In my prior posts, I talked about why we have labor arbitration, what procedural arbitrability is, and how arbitrators handle timeliness issues. I’ll discuss that again in a moment, but first I want to mention that there are other kinds of procedural arbitrability issues, that I’ll discuss now. Two particular procedural issues that arise are (1) the form of the grievance and (2) the manner of delivery. Both can also be dictated by the contract. The form of the grievance could be a pre-printed form, or it could be a letter to management, or it could be a simple email. It could even be a phone call. The parties usually agree on what form the grievance will take, but they may not. If they don’t agree, then it may be a procedural arbitrability issue. For example, if the union sends an email and the employer says they had to file a preprinted form, the arbitrator will decide if there was a proper grievance.
The manner of delivery is also usually agreed upon, or even stated in the agreement. Maybe it must be sent by fax, or email, or certified mail. If the contract isn’t specific, then the practice of the parties will govern. The types of questions that occasionally arise – Must it be faxed to a specific office? Must a specific form be sent certified mail? Or is an email saying, “We’re moving John’s grievance to step 3,” sufficient? – seem nit-picky, but for unions and companies with established practices and large workforces, it can be hard to keep track of everything unless the correct procedures are followed. At least, that’s what one party will argue.

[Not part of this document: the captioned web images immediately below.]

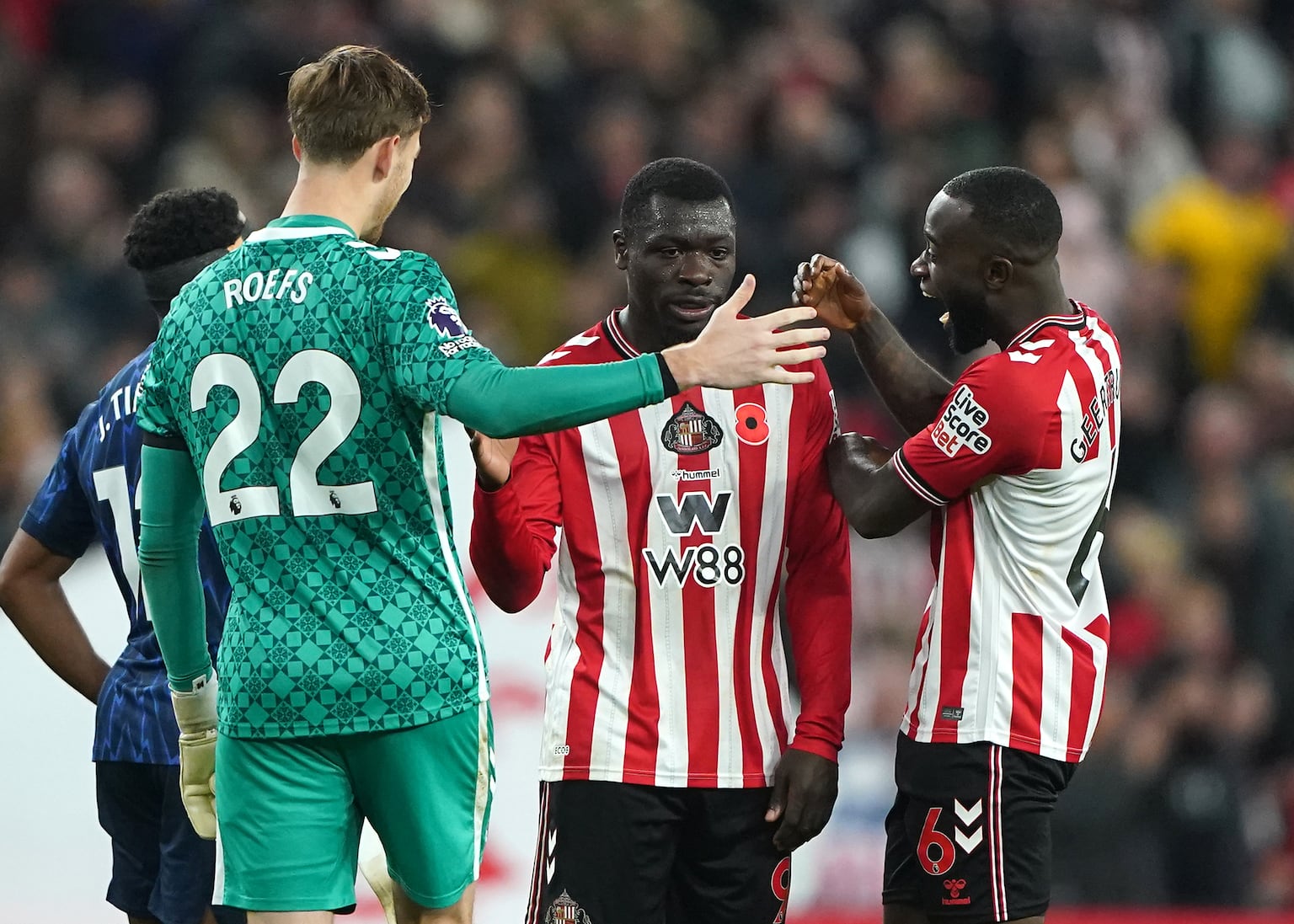 Sunday’s briefing: Sunderland end Arsenal run and Wolves close on new boss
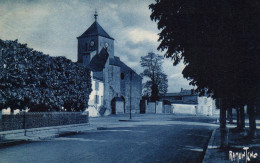 Mauzé - La Place De L'église - Mauze Sur Le Mignon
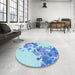 Round Patterned Blue Rug in a Office, pat2022lblu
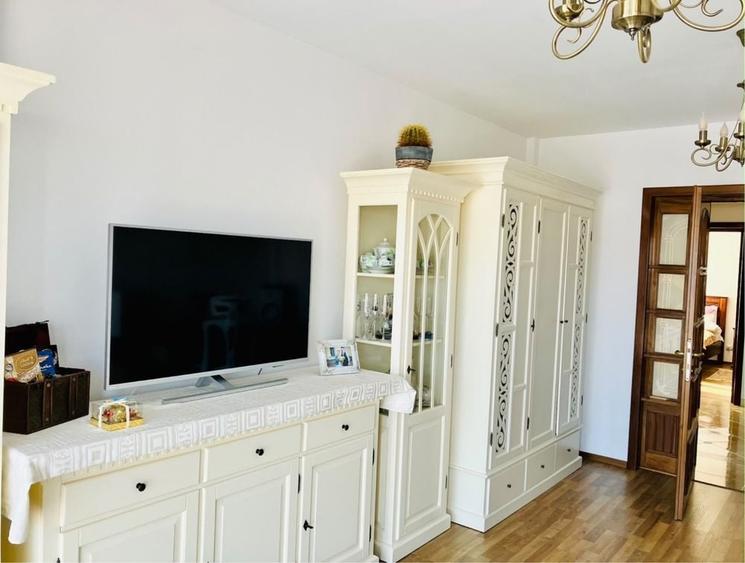 Apartament cu 2 camere decomandat în Bucium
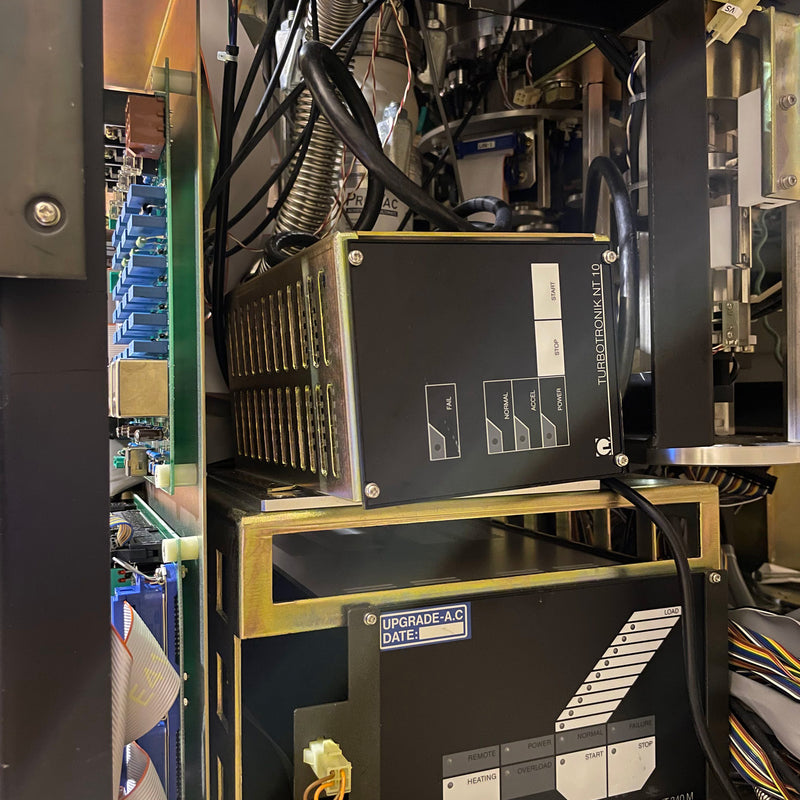 Hitachi S 8800 CD-SEM (Critical Dimension Scanning Electron Microscope)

As a practical matter, it makes sense to file or move a grievance to the next step at the earliest possible time. A grievance can always be withdrawn, but a union who fails to follow the administrative steps of the grievance procedure could be left holding more liability than necessary. At the same time, Employers should be aware that playing gotcha with the grievance procedure will sour labor relations and put the union in an unnecessarily difficult spot. This is particularly true when the union cannot get in touch with a grievant because of the grievant’s incapacity, such as insanity (one case in the materials), hospitalization or incarceration.
Some contracts have specific consequences for failing to respond in a timely fashion. For most of this, we’ve assumed that the union didn’t timely move the grievance, but an employer who fails to respond to a grievance may be waiving arguments, become subject to automatic next steps, or even lose the grievance.
One party can waive arguments by failing to raise procedural defects until the arbitration hearing, but there isn’t a hard and fast rule on this. Different arbitrators have ruled differently on this question but as a practical matter, it’s better to raise procedural arguments throughout the grievance procedure.